Histogram bucket unit — SDK should follow the seconds convention

OAP’s MAL SampleFamily.histogram() rescales le labels into milliseconds using defaultHistogramBucketUnit (default SECONDS on the OTLP ingestion path, because PrometheusMetricConverter builds SampleFamily without overriding the default). This matches Prometheus ecosystem convention, where latency histograms ship le values in seconds (e.g. [0.01, 0.025, 0.05, 0.1, 0.25, 0.5, 1, 2.5, 5, 10]).

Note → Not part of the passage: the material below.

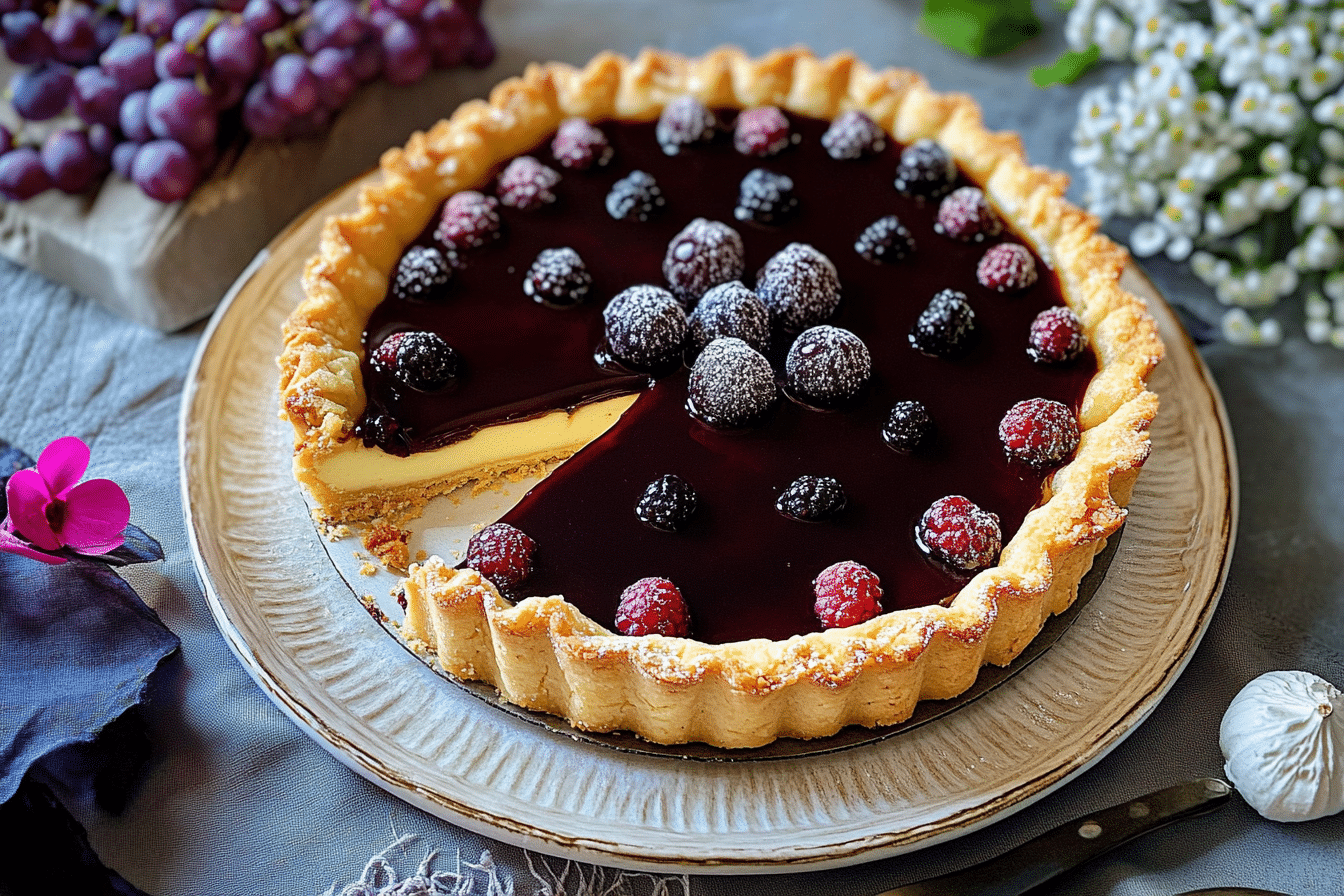 Torta Susanna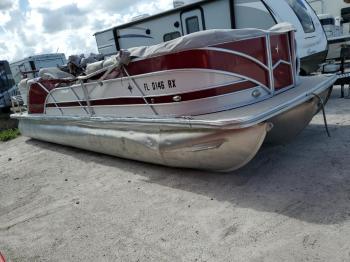  Salvage Boat Pontoon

The SDK currently emits miniprogram.request.duration bucket bounds in ms ([10, 25, 50, 100, 250, 500, 1000, 2500, 5000, 10000]). To land correctly on the OAP default ingestion path, the SDK should switch to seconds-convention bounds in its next release — same numeric coverage, just divided by 1000. This is an SDK-side change only; no OAP-side preprocessor needed. Tracked as a prerequisite alongside the SWIP-12 implementation.

The alternative — adding a mini-program-specific OAP preprocessor that marks SampleFamily with defaultHistogramBucketUnit(MILLISECONDS) — complicates OAP wiring for a single feature and is rejected. Match the ecosystem convention at the SDK boundary.

+Inf overflow bucket

The SDK’s histogram has an implicit +Inf overflow for observations above the top bucket. MAL stores le="Infinity" as Long.MAX_VALUE (≈9.2 × 10¹⁸); if a percentile lands in the overflow bucket the UI renders that sentinel as a visible garbage number. For request duration, the top finite bound of 10 s covers essentially all real requests, so this is a low-risk dashboard-rendering concern rather than a correctness issue. If outlier percentiles turn out to surface the sentinel in practice, the SDK can add a finite overflow bound (e.g. a 30 s bucket) — same treatment SWIP-11 applied to the MetricKit hang/launch histograms.

5. LAL Rules (Error Logs, layer: auto Fork by Platform)

Create oap-server/server-starter/src/main/resources/lal/miniprogram.yaml.

Uses the layer: auto + sourceAttribute() mechanism from SWIP-11:

rules:
  - name: miniprogram-errors
    layer: auto
    dsl: |
      filter {
        def platform = sourceAttribute("miniprogram.platform");
        if (platform != "wechat" && platform != "alipay") { abort {} }
        if (tag("exception.type") == null) { abort {} }

        extractor {
          layer platform == "wechat" ? "WECHAT_MINI_PROGRAM" : "ALIPAY_MINI_PROGRAM"
          // Instance source matches what OTLP metrics use, so logs aggregate under
          // the same OAP instance entity when operator follows the recommended
          // serviceInstance == serviceVersion pattern. SDK ≥ v0.4.0 emits
          // service.instance.id only when init({serviceInstance: ...}) is set.
          // If absent, sourceAttribute() returns null/empty → TrafficSinkListener
          // skips the instance traffic, matching MAL's empty-dim behavior.
          instance sourceAttribute("service.instance.id")
          endpoint tag("miniprogram.page.path")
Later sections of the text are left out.